EXERCISE GOAL –
You are to retype exactly the line with "Oranje Feestpakket: Rompertjes, Hoeden, Hamers" and every line after it in the entries below.

Stored records –












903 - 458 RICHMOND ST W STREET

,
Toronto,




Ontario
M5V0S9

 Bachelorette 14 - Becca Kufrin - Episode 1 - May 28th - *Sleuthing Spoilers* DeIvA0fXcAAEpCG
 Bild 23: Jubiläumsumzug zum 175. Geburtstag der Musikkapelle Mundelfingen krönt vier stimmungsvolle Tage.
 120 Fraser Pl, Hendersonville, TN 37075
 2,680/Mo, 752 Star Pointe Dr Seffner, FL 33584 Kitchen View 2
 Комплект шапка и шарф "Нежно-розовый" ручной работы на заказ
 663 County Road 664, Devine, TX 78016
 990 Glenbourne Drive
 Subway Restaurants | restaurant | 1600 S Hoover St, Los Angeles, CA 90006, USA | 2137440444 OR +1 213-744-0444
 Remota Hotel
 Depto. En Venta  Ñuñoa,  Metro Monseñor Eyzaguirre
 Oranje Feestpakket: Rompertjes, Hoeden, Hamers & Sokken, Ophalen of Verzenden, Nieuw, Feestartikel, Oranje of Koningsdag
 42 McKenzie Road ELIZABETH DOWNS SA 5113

ANSWER TO THE PROBLEM –
 Oranje Feestpakket: Rompertjes, Hoeden, Hamers & Sokken, Ophalen of Verzenden, Nieuw, Feestartikel, Oranje of Koningsdag
 42 McKenzie Road ELIZABETH DOWNS SA 5113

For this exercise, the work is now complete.